My 6 siblings and I were born into the church so we had no choice in the matter, but out of the 5 who have stayed active TBMs the draw is also the feeling of superiority and the default living. They live by default and don't have to think, parent, etc because they just default to all church teaching and outlines. The attitude of superiority is a hug divide between me and my TBM family members. I don't think that gap will ever be bridged because they refuse to respect the way I live, although I make a huge effort to respect their desire to live TBM.
Just curious to know what others see as the major draw or attraction of the LDS church?
Correction: A Catholic clergy does not forgive any sin, but opens the door for diety to do so. Its probably the first counseling session that we use in psychology today. You miss-perception is held by many, even a lot of us Caths.
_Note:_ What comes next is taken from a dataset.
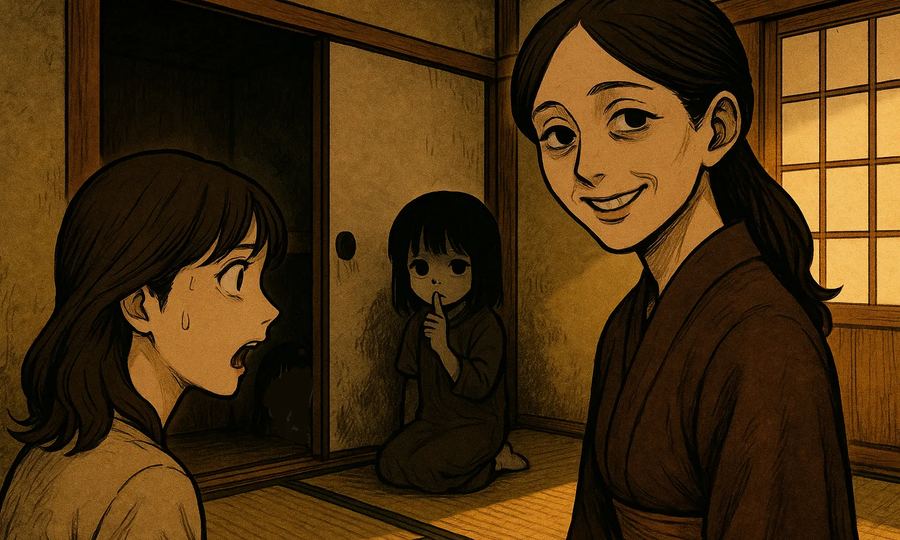 おかしくなった叔母さん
Catholic clergy do not abuse kids any more than any other person in a theological or business or school position. It is 100% wrong. One percent have been prosecuted by us, openly . If we use your number we have to look at Christ lost 1 in 12. Does the math decide? Does Salt Lake quietly send Missionaries home?
I agree, that perception is not reasonable. I am a practicingCatholic, and still remember the Missae latinae clearly.
I do tho agree with the general idea of your post 110%.
The loss of a default social network is huge. If we really think about it the morg has a socialization framework for every age group, but I see it as control and manipulation more than anything else.
I truly felt the loss of the social network and it took me a long time to find it in other places and feel comfortable. I have been married to an active duty military member for over 8 years now and the active duty military community has given me a great social network, now he is getting off of active duty and I am trying to find a way for my family to have another healthy social network. Its out there, I just have to look.
As a guy who was Active Duty with the Air Force for ten years, I went on to serve in the Reserves and Air National Guard. If your husband did not like the military it would not be a good option, but it did give me a sense of belonging like the active duty military did.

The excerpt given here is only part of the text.